And he whistled Jethro Tull all the way back to St Leonard’s.

Lauderdale had arranged a press conference and wanted to know what Rebus knew.

‘I’m not positive,’ was the answer. ‘Not a hundred percent.’

‘How close?’

‘Ninety, ninety-five.’

Lauderdale considered this. ‘So should I say anything?’

‘That’s up to you, sir. A fingerprint team’s on its way to the flat. We’ll know soon enough one way or the other.’

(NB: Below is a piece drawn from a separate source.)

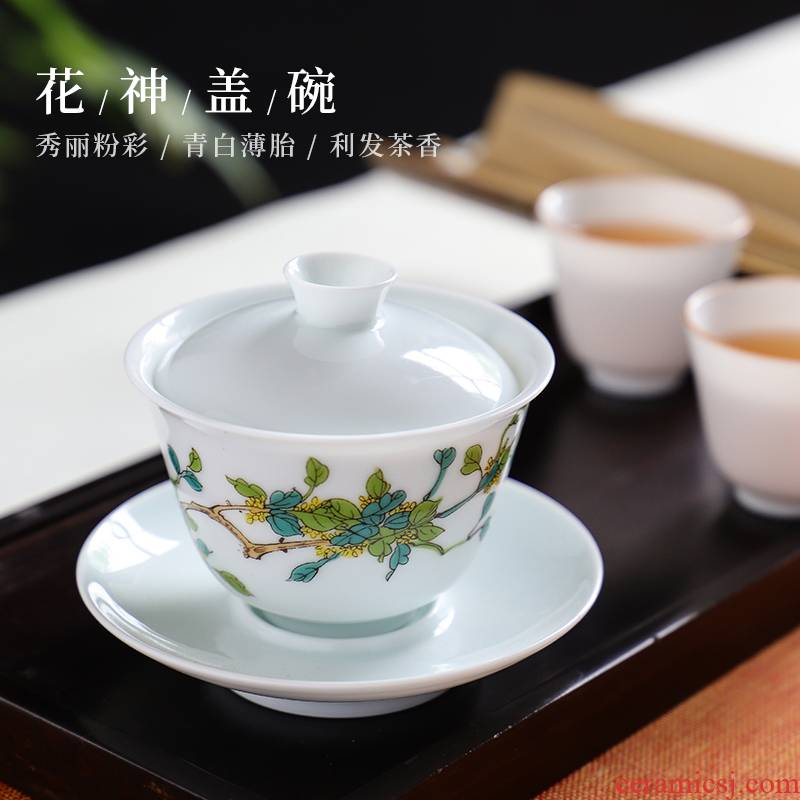 The Escape this hall famille rose porcelain tureen three cups to make tea bowl of small bowl of jingdezhen kung fu tea bowl is in use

One of the problems with the victim was that the last killing shot had blown away half his face, the bullet entering through the back of the neck and tearing up through the jaw. As Dr Curt had explained, they could do an ID covering up the bottom half of the face, allowing a friend or relative to see just the top half. But would that be enough? Before today’s potential break, they’d been forced to consider dental work. The victim’s teeth were the usual result of a Scottish childhood, eroded by sweets and shored up by dentistry. But as the forensic pathologist had said, the mouth was badly damaged, and what dental work remained was fairly routine. There was nothing unusual there for any dentist to spot definitively as his or her work.

Rebus arranged for the party photograph to be reprinted and sent to Glasgow with the relevant details. Then he went to Lauderdale’s press conference.

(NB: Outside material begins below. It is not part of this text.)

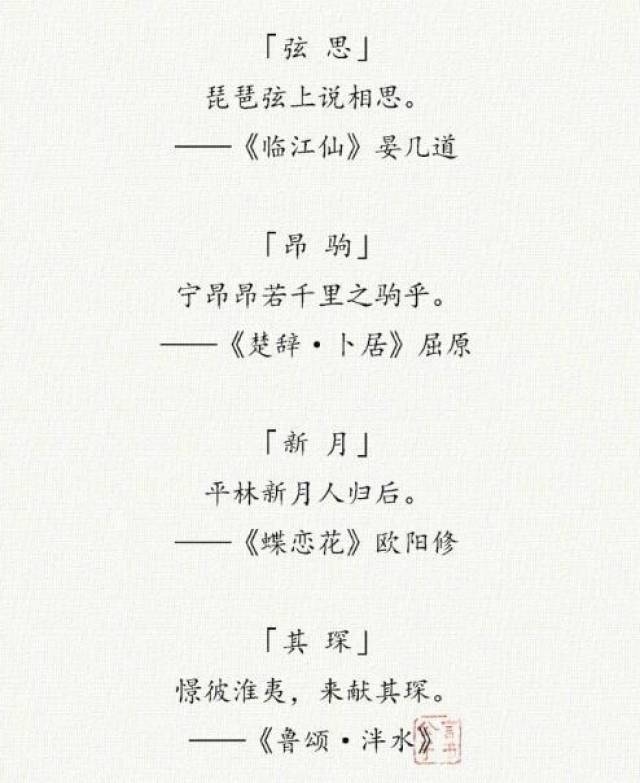 繁体吉利字起名，寓意美好插图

Chief Inspector Lauderdale loved his duels with the media. But today he was more nervous than usual. Perhaps it was that he had a larger audience than he was used to, Chief Superintendent Watson and DCI Kilpatrick having emerged from somewhere to listen. Both sported faces too ruddy to be natural, whisky certainly the cause. While the journalists sat towards the front of the room, the police officers stood to the back. Kilpatrick saw Rebus and sidled over to him.

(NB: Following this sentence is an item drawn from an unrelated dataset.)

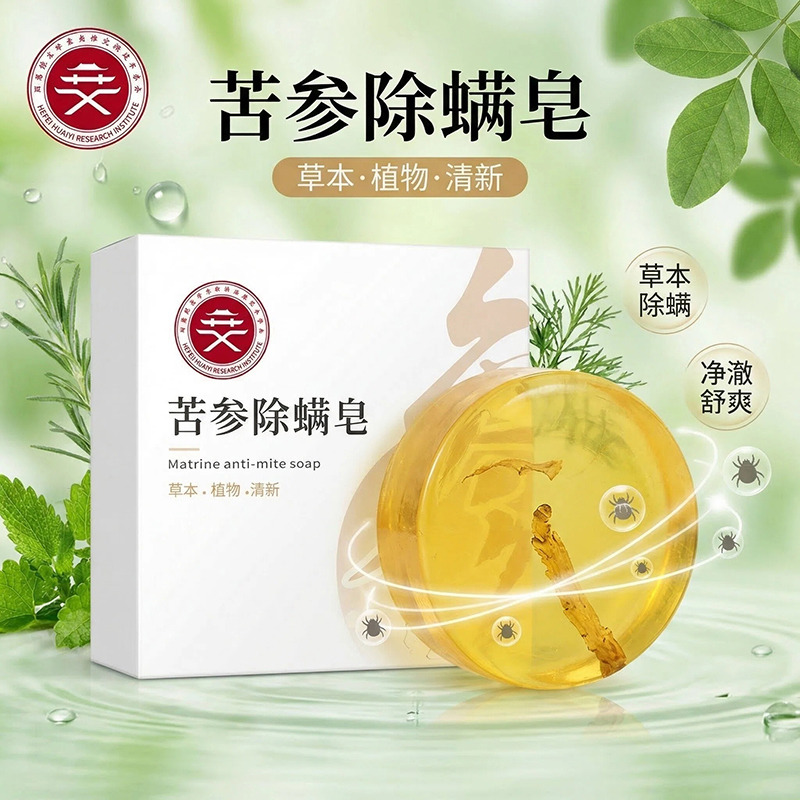13224715.【买2送1买3送2】苦参祛螨皂洁面沐浴嫩肤香皂肥皂苦参硫磺皂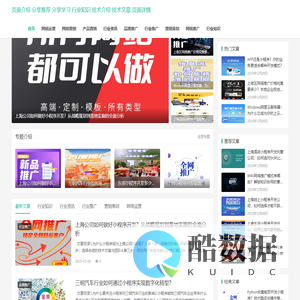 宿州小程序开发_宿州小程序制作_宿州小程序定制 - 智联芯网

‘You may have a positive ID?’ he whispered.

‘Maybe.’

‘So is it drugs or the IRA?’ There was a wry smile on his face. He didn’t really expect an answer, it was the whisky asking, that was all. But Rebus had an answer for him anyway.

‘If it’s anybody,’ he said, ‘it’s not the IRA but the other lot.’ There were so many names for them he didn’t even begin to list them: UDA, UVF, UFF, UR . . . The U stood for Ulster in each case. They were proscribed organisations, and they were all Protestant. Kilpatrick rocked back a little on his heels. His face was full of questions, fighting their way to the surface past the burst blood vessels which cherried nose and cheeks. A drinker’s face. Rebus had seen too many of them, including his own some nights in the bathroom mirror.

But Kilpatrick wasn’t so far gone. He knew he was in no condition to ask questions, so he made his way back to the Farmer instead, where he spoke a few words. Farmer Watson glanced across to Rebus, then nodded to Kilpatrick. Then they turned their attention back to the press briefing.

Rebus knew the reporters. They were old hands mostly, and knew what to expect from Chief Inspector Lauderdale. You might walk into a Lauderdale session sniffing and baying like a bloodhound, but you shuffled out like a sleepy-faced pup. So they stayed quiet mostly, and let him have his insubstantial say.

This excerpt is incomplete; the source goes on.